• What to do: From the first line to the last, return the data exactly, with no pictures.

Input material: Begin

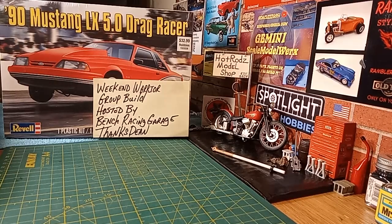That's all I got for you — I just wanted to jump in here and put this in as my entry. This is my official entry into the Weekend Warrior Group Build hosted by Bench Racing Garage. Thanks Dean, and I believe his wife's name is Melissa — thanks Dean and Melissa. I hope everybody has a good upcoming week, a good safe week. We'll catch y'all this Friday night on an update on our '29 Ford Model A roadster. You fellers have a good one.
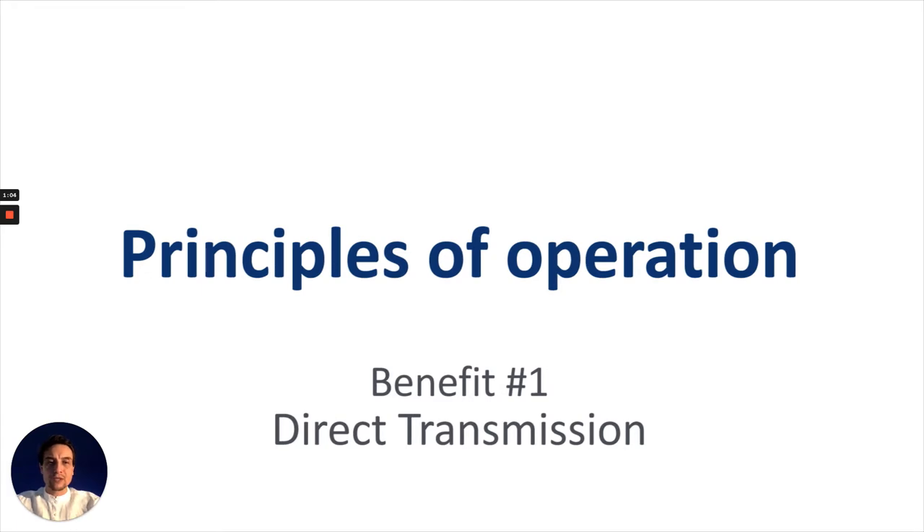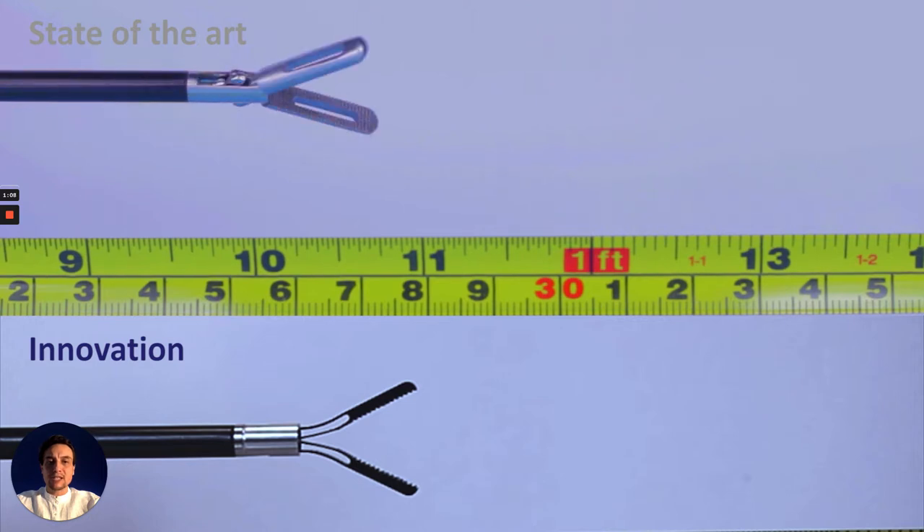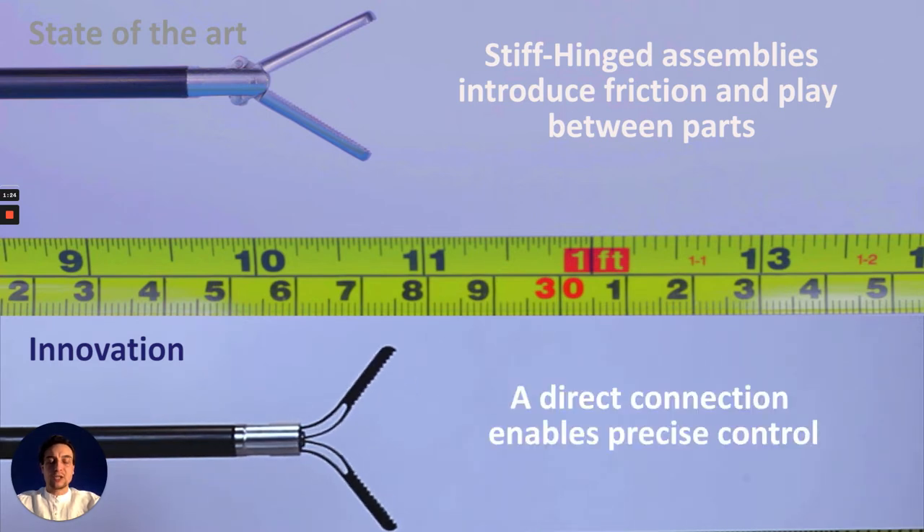In this demonstration video, we replace the conventional rigid body mechanism tooltip with a single-piece compliant mechanism tooltip. The principles of operation remain the same, whereby the conventional stiff-hinged assembly introduces friction and play between moving parts. The compliant mechanism tooltip eliminates that friction and play while enhancing control between intermediate positions.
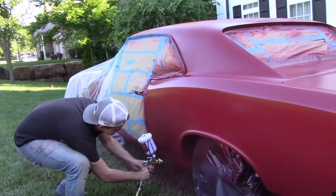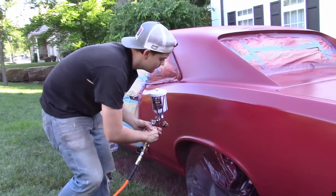Since I'm using two-stage paint, it doesn't look very glossy until you start adding the clear coat.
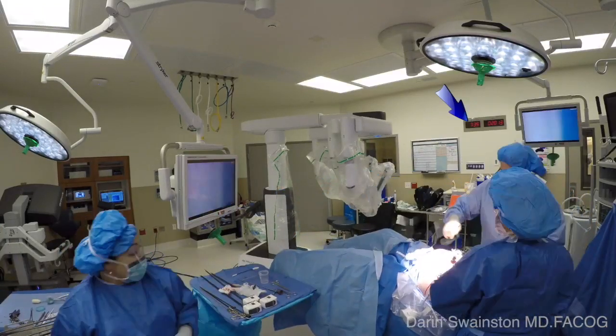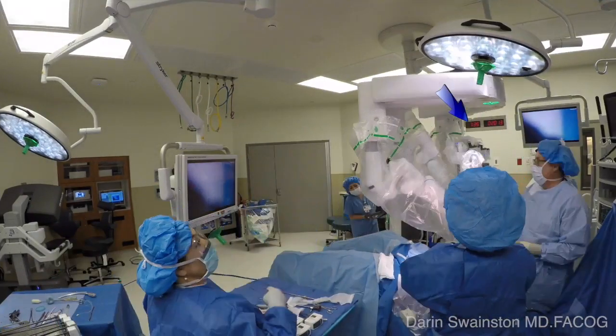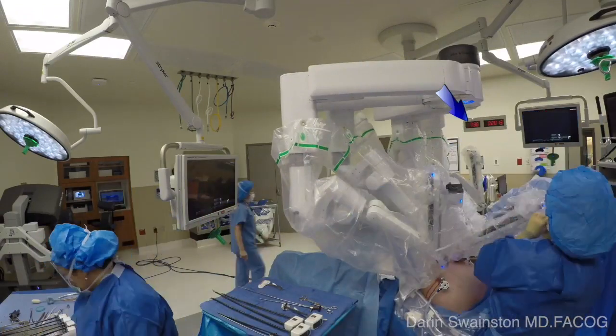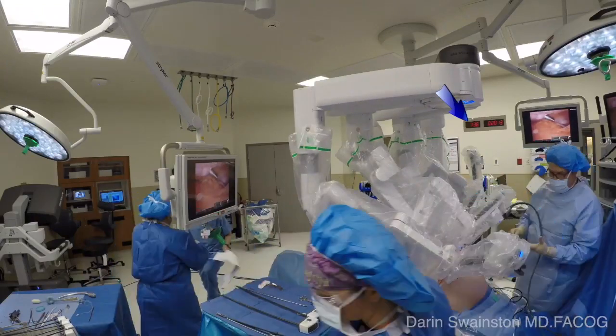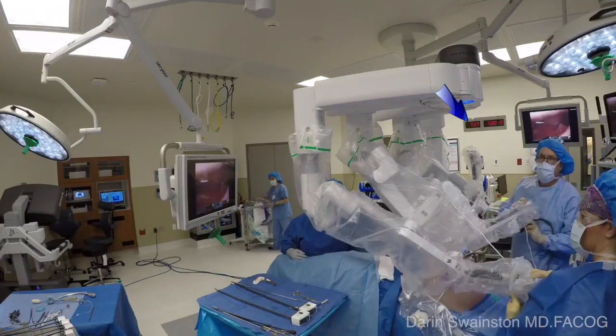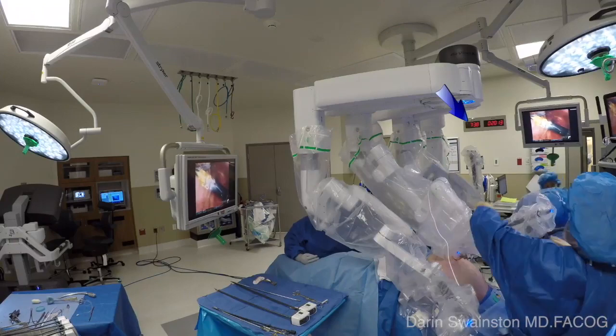Once she brings it in, we'll do the camera first at 7:35 and 45 seconds. Once we put the camera in, we then attach the two other arms and bring the instruments in. This patient even had a midline adhesion that made it a little difficult to bring the instruments around, and still it was done in under two and a half minutes to complete this entire docking and positioning.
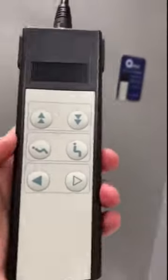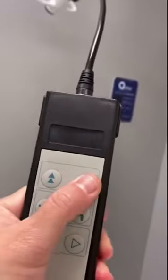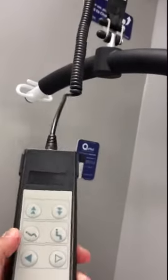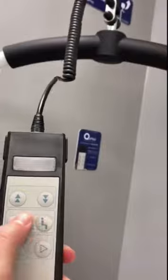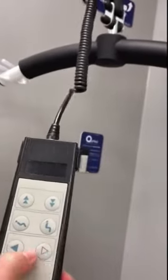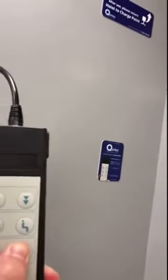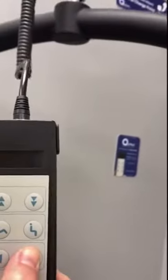The remote is very easy to use — you've got up and down. This middle row is not required; it's for a different spreader bar. This row of buttons is to move across the track, which is preferable when it has a load on it to reduce wear and tear.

Input material: End

• Solution to the exercise:
That's all I got for you — I just wanted to jump in here and put this in as my entry. This is my official entry into the Weekend Warrior Group Build hosted by Bench Racing Garage. Thanks Dean, and I believe his wife's name is Melissa — thanks Dean and Melissa. I hope everybody has a good upcoming week, a good safe week. We'll catch y'all this Friday night on an update on our '29 Ford Model A roadster. You fellers have a good one.
In this demonstration video, we replace the conventional rigid body mechanism tooltip with a single-piece compliant mechanism tooltip. The principles of operation remain the same, whereby the conventional stiff-hinged assembly introduces friction and play between moving parts. The compliant mechanism tooltip eliminates that friction and play while enhancing control between intermediate positions.
Since I'm using two-stage paint, it doesn't look very glossy until you start adding the clear coat.
Once she brings it in, we'll do the camera first at 7:35 and 45 seconds. Once we put the camera in, we then attach the two other arms and bring the instruments in. This patient even had a midline adhesion that made it a little difficult to bring the instruments around, and still it was done in under two and a half minutes to complete this entire docking and positioning.
The remote is very easy to use — you've got up and down. This middle row is not required; it's for a different spreader bar. This row of buttons is to move across the track, which is preferable when it has a load on it to reduce wear and tear.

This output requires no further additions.